Carmen Jones is a 1954 American musical film produced and directed by Otto Preminger. The screenplay by Harry Kleiner is based on the libretto for the 1943 stage production of the same name by Oscar Hammerstein II, which was inspired by an adaptation of the 1845 Prosper Mérimée novella Carmen by Henri Meilhac and Ludovic Halévy. Hammerstein also wrote the lyrics to music composed by Georges Bizet for his 1875 opera Carmen.


In 1992, the film was selected for preservation in the United States National Film Registry by the Library of Congress as being "culturally, historically, or aesthetically significant."

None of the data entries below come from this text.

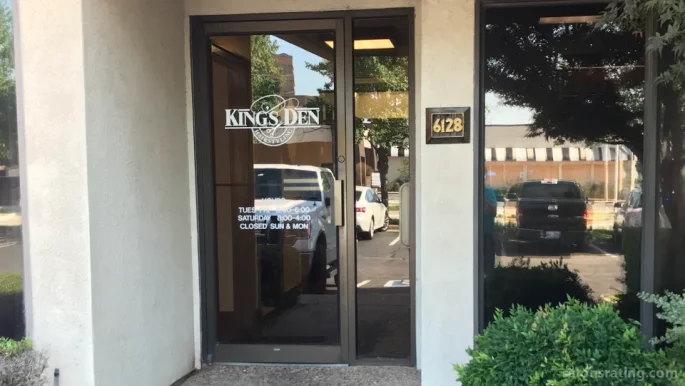King's Den Hairstyling, Tulsa - Photo 1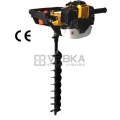 Půdní vrták Lumag EB490G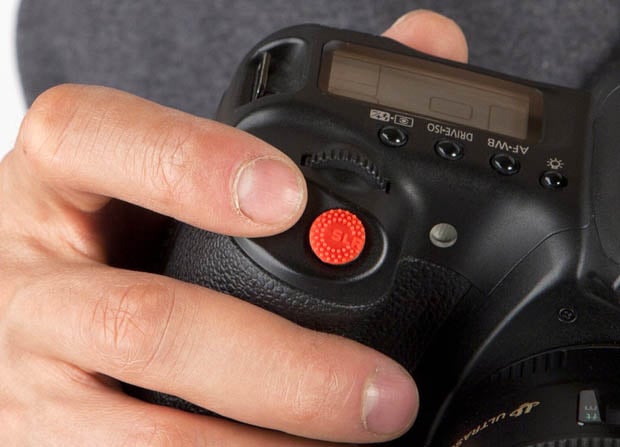 Gellin' Like Magellan: ProDot is Like a Dr. Scholl's Insert for Your  Shutter Finger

Set during World War II, the story focuses on Carmen Jones, a vixen who works in a parachute factory in North Carolina. When she is arrested for fighting with a co-worker who reported her for arriving late for work, foreman Sgt. Brown assigns young soldier Joe to deliver her to the authorities, much to the dismay of Joe's fiancée Cindy Lou, who had agreed to marry him during his leave.


While en route, Carmen suggests she and Joe stop for a meal and a little romance, and his refusal intensifies her determination to seduce him. When their army jeep ends up in the river, she suggests they spend the night at her grandmother's house nearby and continue their journey by train the following day, and that night Joe succumbs to Carmen's advances. The next morning he awakens to find a note in which she says although she loves him she is unable to deal with time in jail and is running away.


Joe is locked in the stockade for allowing his prisoner to escape, and Cindy Lou arrives just as a rose from Carmen is delivered to him, prompting her to leave abruptly. Having found work in a Louisiana nightclub, Carmen awaits his release. One night champion prizefighter Husky Miller enters with an entourage and introduces himself to Carmen, who expresses no interest in him. Husky orders his manager Rum Daniels to offer her jewelry, furs, and an expensive hotel suite if she and her friends Frankie and Myrt accompany him to Chicago, but she declines the offer. Just then, Joe arrives and announces he must report to flying school immediately. Angered, Carmen decides to leave with Sgt. Brown, who also has appeared on the scene, and Joe severely beats him. Realizing he will be sentenced to a long prison term for hitting his superior, Joe flees to Chicago with Carmen.


While Joe remains hidden in a shabby rented room, Carmen secretly visits Husky's gym to ask Frankie for a loan, but she insists she has no money of her own. Carmen returns to the boarding house with a bag of groceries, and Joe questions how she paid for them. The two argue, and she goes to Husky's hotel suite to play cards with her friends. When she draws the nine of spades, she interprets it as a premonition of impending doom and descends into a quagmire of drink and debauchery.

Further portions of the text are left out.